Selon l’éditorialiste du site « dépositaire de l’information », « l’honnêteté oblige à reconnaître qu’Emmanuel Macron a réussi le pari du discours de Ouagadougou. Comme ayant cerné son auditoire, il a su lui servir le message qu’il avait besoin d’entendre ». Et de qualifier de « courageuse » la décision de déclassifier les archives sur l’assassinat de Thomas Sankara. « Par ailleurs, même s’il est apparu plus nuancé qu’il ne l’avait été au sujet de la colonisation de l’Algérie, Emmanuel Macron continue toutefois d’aborder ce passé trouble des relations euro-africaines de manière plutôt décomplexée. C’est également louable de sa part de n’avoir pas cherché à éluder la question sensible du franc CFA. Tout au contraire, il laisse ouvertes toutes les options », ajoute Boubacar Sanso Barry.
À présent, les actes !
Reste au président français à passer aux actes. Et, sur point, la presse ouest-africaine est unanime. « Après le parler-vrai, Macron doit passer à l’agir-vite », titre Wakat Sera. « Le scepticisme est grand quand on sait que les prédécesseurs de Macron se sont tous illustrés par des discours du genre, mais qui, au finish, n’ont rien changé dans les relations entre la France et l’Afrique », explique Le Pays. « Pour demeurer fidèle à la logique selon laquelle il s’est davantage adressé à la jeunesse du continent africain, Emmanuel Macron, à l’image de Donald Trump, doit démontrer qu’il est réceptif à la clameur sourde qui monte des entrailles de l’Afrique contre le phénomène du pouvoir à vie. C’est seulement quand il aura honoré ces différents engagements et comblé ces attentes pressantes que le président français aura démontré qu’il est président de la rupture dans les rapports entre la France et l’Afrique », conclut quant à lui Boubacar Sanso Barry dans Le Djely. Enfin, Le Paysestime dans un autre article intitulé « Face-à-face étudiants : l’exercice a manqué de régal » que les étudiants burkinabè n’ont pas été à la hauteur.
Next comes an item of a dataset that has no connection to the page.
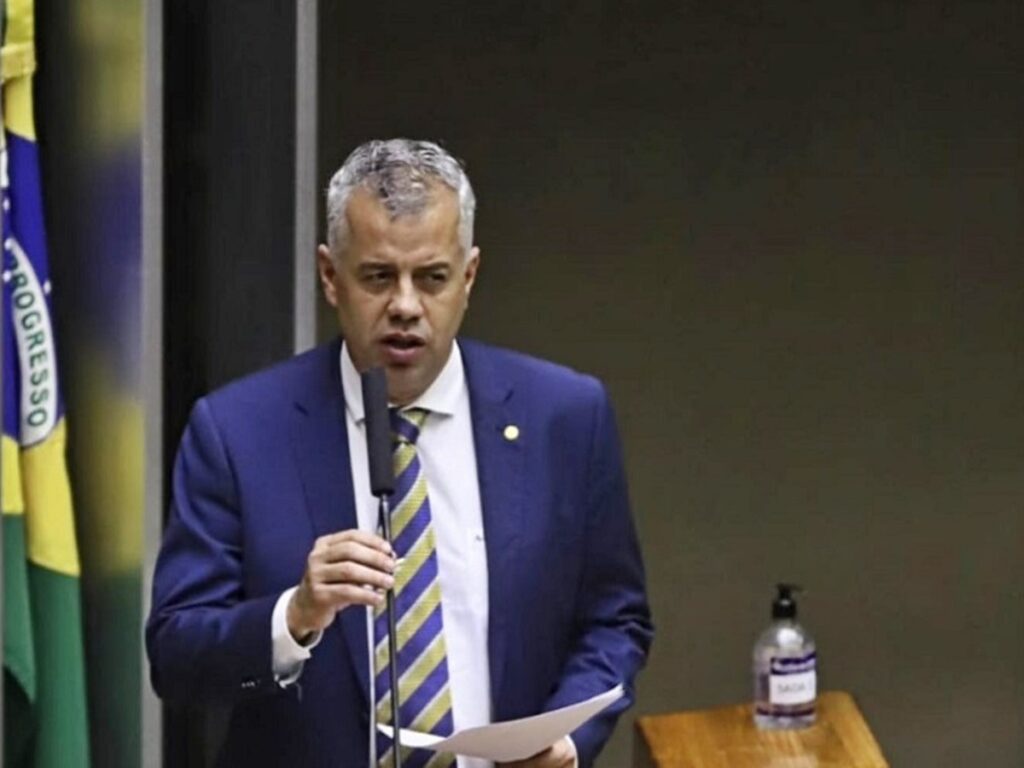 Vice-lider-do-Governo-na-Camara-defendeu-aprovacao-de-R-279-bilhoes-para-aumentar-auxilios-sociais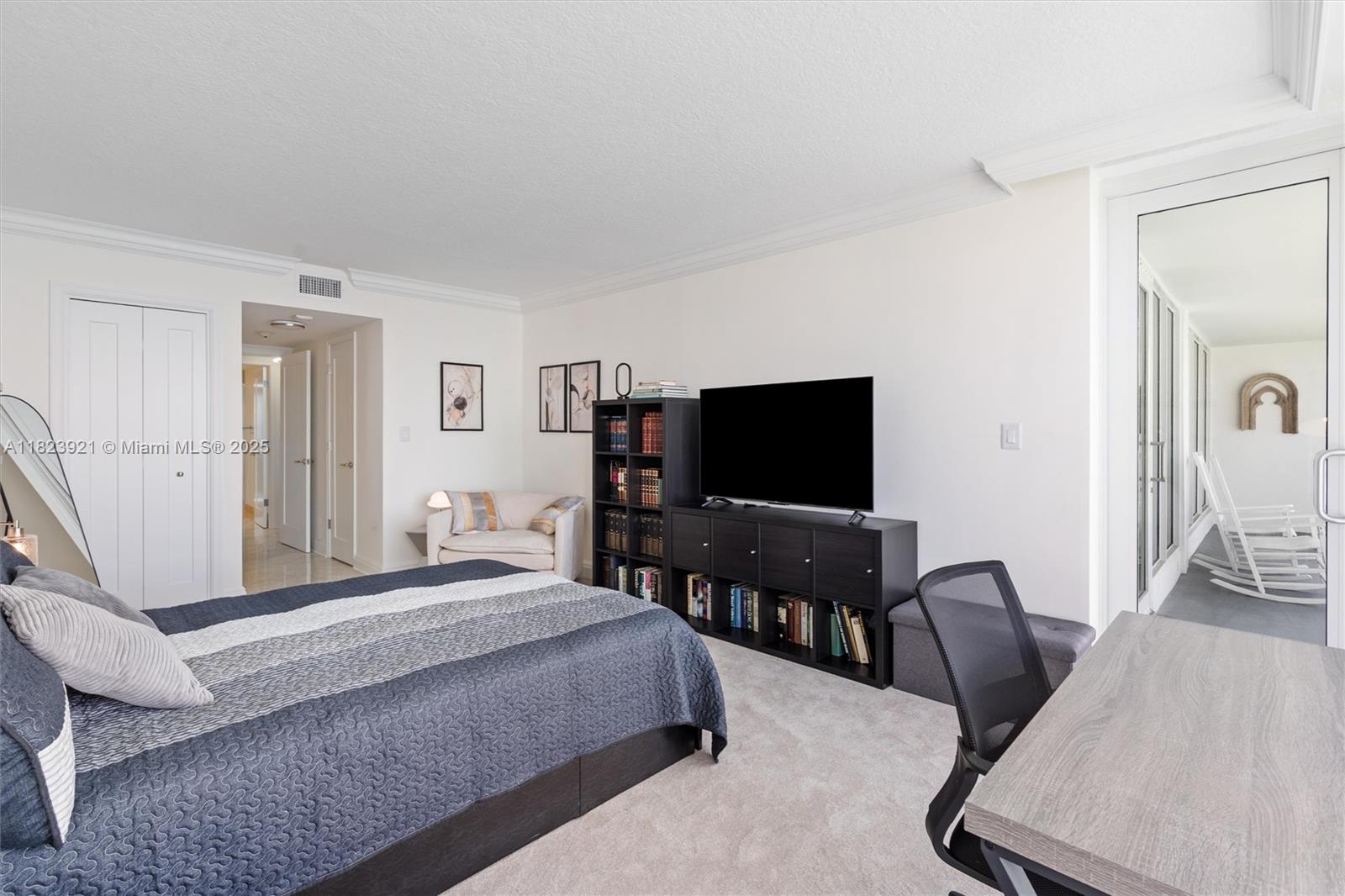 POINT OF AMERICAS - Residential Lease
Et se montre sévère. Avec « des questions qui, quand elles ne volaient pas haut, franchement, étaient au ras des pâquerettes, et donnaient parfois l’impression que les vis-à-vis de Jupiter ne savaient ni être attentifs au contenu de son discours ni prendre des notes ». « Il faut avoir le courage et l’humilité d’en prendre conscience et de se mettre au travail », assène le quotidien ouagalais.